I wanted to dive deeper into image processing and learn about CNNs. The prospect of using Deep learning on images of blood cells was intriguing and pushed me to take on this project.
Malaria is a disease transmitted through the bite of infected mosquitoes that affects the red blood cells in our bodies. Although now rare in the U.S., it can be hard to identify malaria, which is why lab tests and imaging are always needed. This project aims to be a tool to more accurately and quickly diagnose the illness.
Malaria Detect is intended as a tool in the lab alongside the clinician. It accepts an image of a red blood cell and then applies a binary classification deep learning model to determine if the sample is infected with malaria.

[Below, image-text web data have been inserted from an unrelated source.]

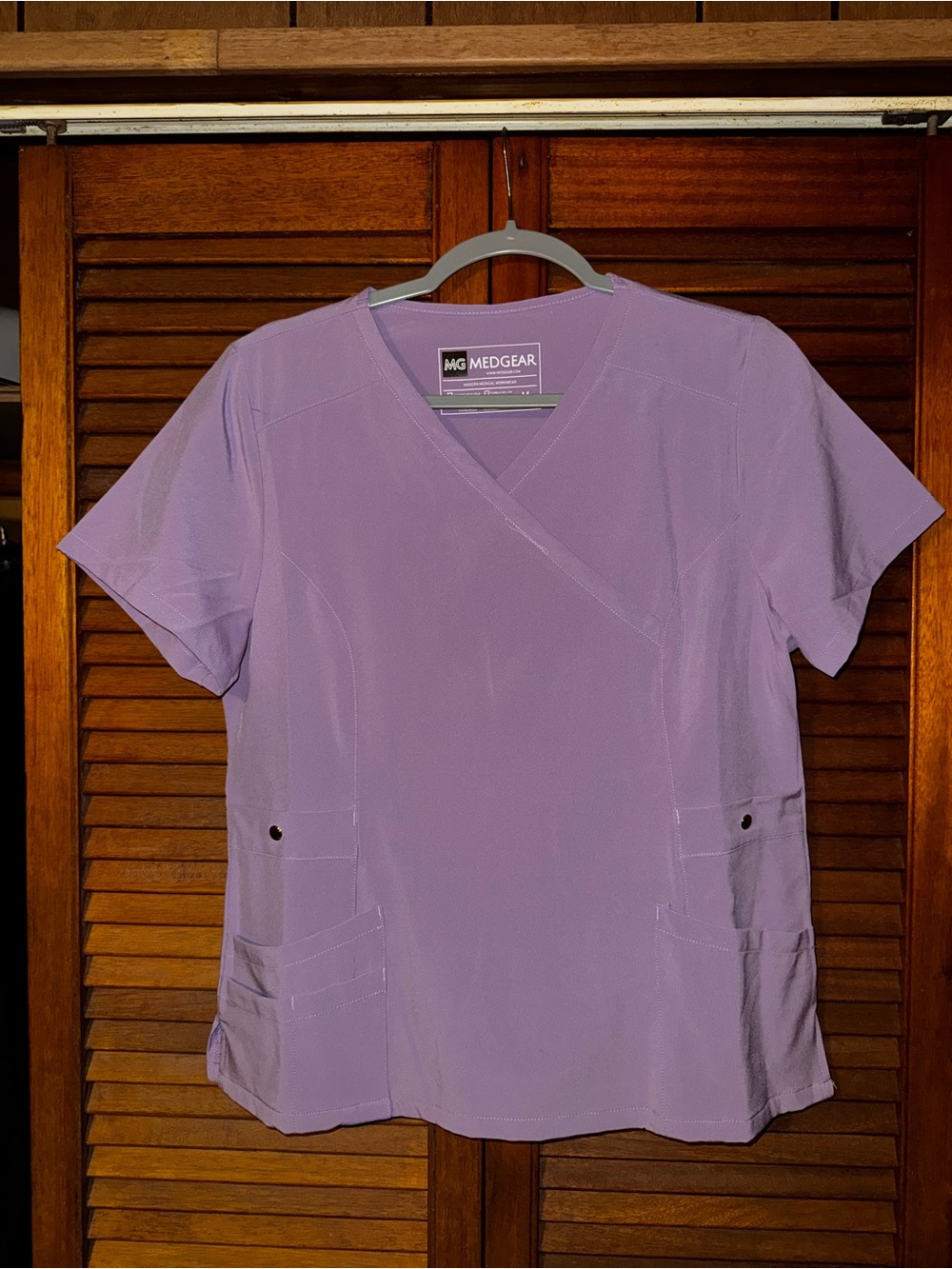 Jeans Warehouse MedGear Scrub Set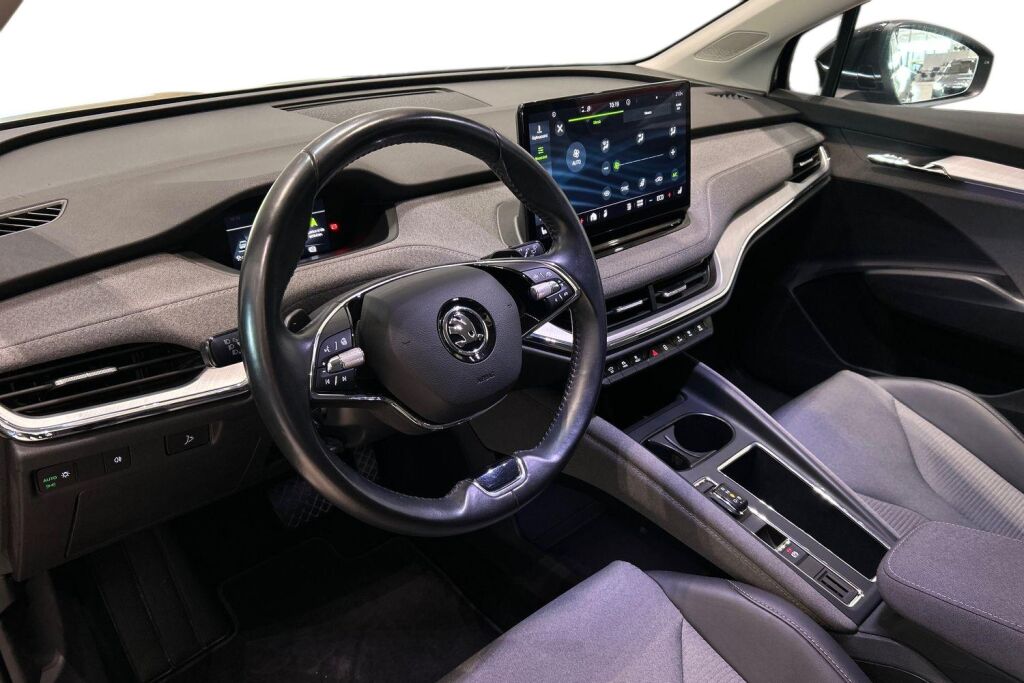Skoda Enyaq 2022 80 iV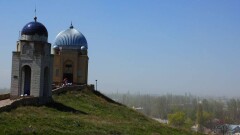 Тектурмас – сакральное основание древнего Тараза?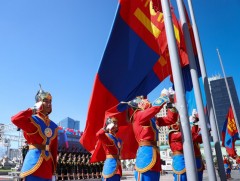 Манай цэргийн жавхаа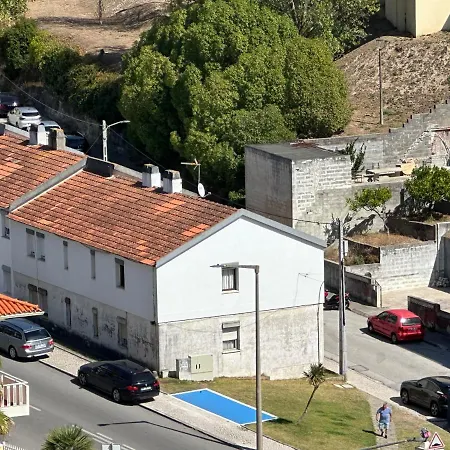 Cozy T2+1 2 Minutes From The Beach Daire Buarcos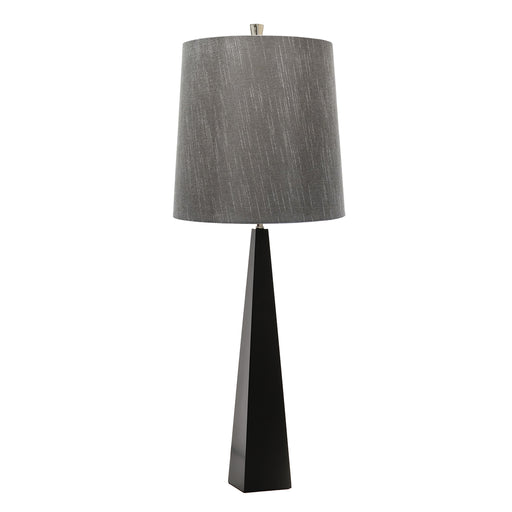 Elstead - ASCENT/TL BLK Ascent 1 Light Table Lamp - Black - Elstead - Sparks Warehouse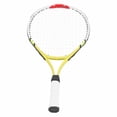 thumbnail image 4 of Tennis Racket For Kids, Tennis Equipment Professional Racket For Chindren Tennis Training Tennis Racket Chindren Tennis Rackets  For Home Outdoor School Yellow, 4 of 8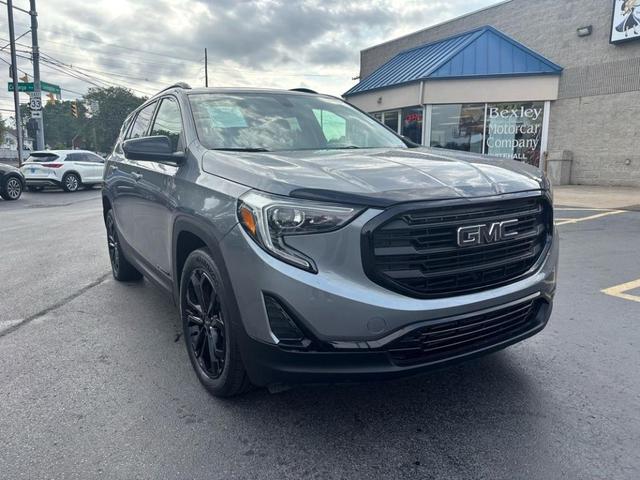 2019 GMC Terrain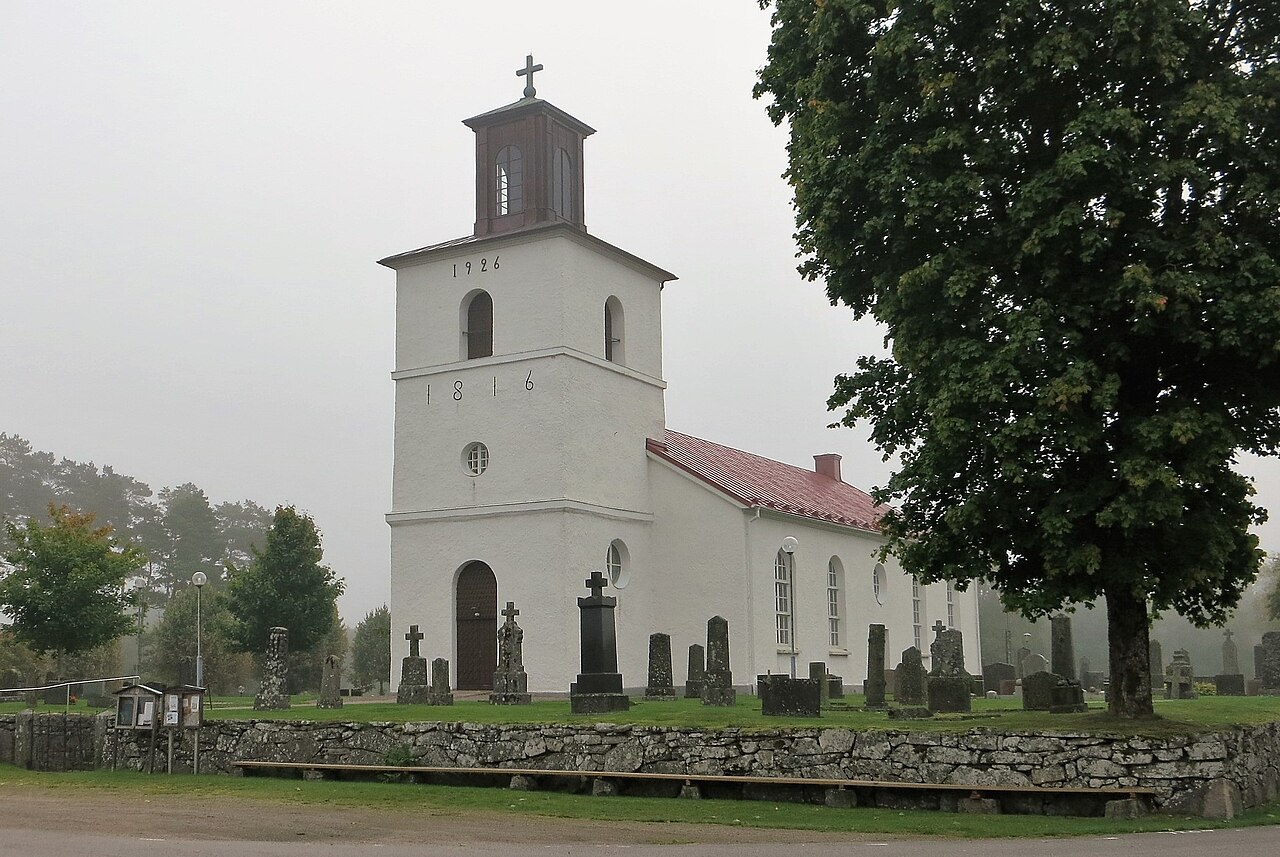 Krogsereds kyrka
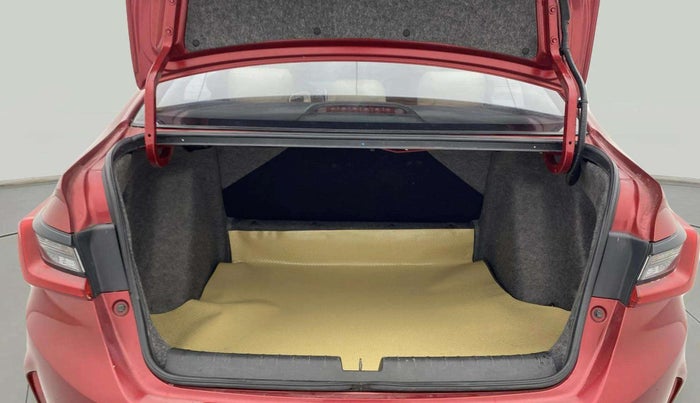 2021 Honda City 1.5L I-VTEC VX, Petrol, Manual, 21,178 km, Boot Open Zoomed View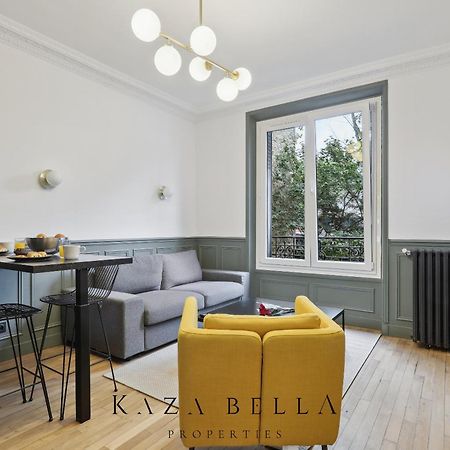 Kaza Bella - Maisons Alfort 1 Modern Flat Esterno foto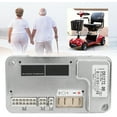 thumbnail image 5 of Tebru D51272.06 70A S-Drive Controller For The Pride Legend Mobility Scooter PG Drives, 5 of 8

Healthy Blood Cell | Infected Blood Cell |
---|---|
This web app runs on a Flask API server, complemented by an intuitive React frontend, with user authentication handled by Firebase. Once the user selects and confirms their sample, the image is sent to the backend via HTTP requests. There, it is preprocessed to fit the model's expected input. Then, the previously trained TensorFlow model is loaded and fed the preprocessed image. Once the model has made its prediction, it's sent to the frontend where the prediction is displayed.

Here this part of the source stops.